There is a single global hierarchy: feedforward inputs and feedback filters pass through the same levels of search and composition. Each higher level is a nested hierarchy, with depth proportional to elevation, but sub-hierarchies are unfolded sequentially. That’s why I don’t have many diagrams: they are good at showing relations in 2D, but I have a simple 1D sequence of levels. Nested sub-hierarchies are generated by the process itself, depending on elevation in a higher-order hierarchy. That means I can’t show them in a generic diagram.

Brain-inspired schemes have separate sensory and motor hierarchies, in mine they combined into one. The equivalent of motor patterns in my scheme are positional filter patterns, which ultimately move the sensor. The first level is co-located sensors: targets of input filters, and more coarse actuators: targets of positional filters. I can think of two reasons they are separated in the brain: neurons and axons are unidirectional, and training process has to take the whole hierarchy off-line. Neither constraint applies to my scheme.

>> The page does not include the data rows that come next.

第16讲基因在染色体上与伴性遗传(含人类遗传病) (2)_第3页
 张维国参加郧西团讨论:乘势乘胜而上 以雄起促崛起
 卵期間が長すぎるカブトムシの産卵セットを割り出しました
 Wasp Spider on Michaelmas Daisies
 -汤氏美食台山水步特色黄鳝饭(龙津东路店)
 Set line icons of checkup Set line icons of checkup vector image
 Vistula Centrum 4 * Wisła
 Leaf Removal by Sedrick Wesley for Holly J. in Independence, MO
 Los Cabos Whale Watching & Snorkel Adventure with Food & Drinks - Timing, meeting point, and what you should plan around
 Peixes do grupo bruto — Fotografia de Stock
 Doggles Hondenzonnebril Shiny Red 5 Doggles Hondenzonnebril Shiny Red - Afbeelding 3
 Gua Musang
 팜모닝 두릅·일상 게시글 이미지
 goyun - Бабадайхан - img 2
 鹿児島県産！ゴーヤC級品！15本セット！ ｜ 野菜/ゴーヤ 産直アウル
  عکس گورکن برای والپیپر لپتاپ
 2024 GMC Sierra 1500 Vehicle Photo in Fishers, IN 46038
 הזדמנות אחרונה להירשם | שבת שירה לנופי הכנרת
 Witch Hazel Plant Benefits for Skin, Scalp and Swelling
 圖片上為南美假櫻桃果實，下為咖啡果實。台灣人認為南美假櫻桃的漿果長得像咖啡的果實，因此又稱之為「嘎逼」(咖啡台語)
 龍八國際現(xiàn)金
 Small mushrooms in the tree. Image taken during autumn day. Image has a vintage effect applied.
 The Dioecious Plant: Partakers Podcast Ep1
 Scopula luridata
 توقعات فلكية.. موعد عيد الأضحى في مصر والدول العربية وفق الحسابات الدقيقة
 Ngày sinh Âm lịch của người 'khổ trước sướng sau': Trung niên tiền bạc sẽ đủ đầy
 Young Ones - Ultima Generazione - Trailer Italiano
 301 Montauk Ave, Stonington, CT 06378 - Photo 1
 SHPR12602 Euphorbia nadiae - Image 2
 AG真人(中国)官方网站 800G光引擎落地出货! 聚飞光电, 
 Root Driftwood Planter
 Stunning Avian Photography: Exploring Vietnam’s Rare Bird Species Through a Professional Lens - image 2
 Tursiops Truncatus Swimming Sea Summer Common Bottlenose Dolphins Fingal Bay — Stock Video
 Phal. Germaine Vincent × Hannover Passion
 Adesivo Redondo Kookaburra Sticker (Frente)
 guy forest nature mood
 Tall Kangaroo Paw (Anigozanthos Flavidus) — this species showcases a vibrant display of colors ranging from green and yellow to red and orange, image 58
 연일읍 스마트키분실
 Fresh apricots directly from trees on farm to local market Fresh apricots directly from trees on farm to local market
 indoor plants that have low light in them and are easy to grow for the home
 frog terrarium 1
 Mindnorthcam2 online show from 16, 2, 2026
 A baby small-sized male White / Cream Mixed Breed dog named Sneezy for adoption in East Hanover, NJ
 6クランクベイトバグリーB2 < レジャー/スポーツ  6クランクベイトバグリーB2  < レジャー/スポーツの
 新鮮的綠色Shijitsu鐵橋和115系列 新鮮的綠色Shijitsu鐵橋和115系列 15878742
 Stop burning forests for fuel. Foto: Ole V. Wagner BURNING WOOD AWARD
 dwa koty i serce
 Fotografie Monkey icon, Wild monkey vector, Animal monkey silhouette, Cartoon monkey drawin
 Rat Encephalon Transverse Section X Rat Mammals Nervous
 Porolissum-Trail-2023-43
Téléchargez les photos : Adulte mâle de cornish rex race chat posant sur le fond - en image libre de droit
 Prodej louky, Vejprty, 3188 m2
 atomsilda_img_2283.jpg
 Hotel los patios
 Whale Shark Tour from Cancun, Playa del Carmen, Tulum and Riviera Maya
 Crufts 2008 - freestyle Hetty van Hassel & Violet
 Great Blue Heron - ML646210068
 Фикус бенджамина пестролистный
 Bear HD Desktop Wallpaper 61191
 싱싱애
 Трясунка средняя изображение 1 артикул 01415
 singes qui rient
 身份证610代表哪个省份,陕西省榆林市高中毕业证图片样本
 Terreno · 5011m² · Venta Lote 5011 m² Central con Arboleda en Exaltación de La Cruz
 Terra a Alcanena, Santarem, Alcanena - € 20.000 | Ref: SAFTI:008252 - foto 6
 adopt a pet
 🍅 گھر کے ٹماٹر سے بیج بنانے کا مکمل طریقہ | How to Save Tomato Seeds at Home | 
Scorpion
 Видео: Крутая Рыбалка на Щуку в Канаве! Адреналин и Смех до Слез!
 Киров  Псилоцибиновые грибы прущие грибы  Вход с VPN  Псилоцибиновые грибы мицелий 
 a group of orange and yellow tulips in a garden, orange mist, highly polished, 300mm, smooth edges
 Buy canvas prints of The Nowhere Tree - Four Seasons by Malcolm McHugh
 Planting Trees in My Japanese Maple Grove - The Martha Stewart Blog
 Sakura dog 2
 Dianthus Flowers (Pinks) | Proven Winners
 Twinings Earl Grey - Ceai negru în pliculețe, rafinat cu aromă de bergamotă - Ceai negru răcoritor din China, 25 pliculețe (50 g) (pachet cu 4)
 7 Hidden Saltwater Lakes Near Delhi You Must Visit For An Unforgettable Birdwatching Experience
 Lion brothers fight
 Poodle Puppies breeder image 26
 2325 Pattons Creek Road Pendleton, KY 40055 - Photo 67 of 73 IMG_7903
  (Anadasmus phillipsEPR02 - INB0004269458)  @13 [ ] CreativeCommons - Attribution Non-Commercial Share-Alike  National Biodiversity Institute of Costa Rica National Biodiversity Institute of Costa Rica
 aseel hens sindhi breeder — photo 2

Final algorithm will consist of first-level operations + recursive increment in operations per level. The latter is a meta-algorithm that extends working level-algorithm, to handle derivatives added to current inputs. So, the levels are: 1st level: G(x), 2nd level: F(G)(x), 3rd level: F(F(G))(x).., where F() is the recursive code increment. Resulting hierarchy is a pipeline: patterns are outputted to the next level, forming a new level if there is none. As long as there are novel inputs, higher levels will discover longer-range spatio-temporal and then conceptual patterns.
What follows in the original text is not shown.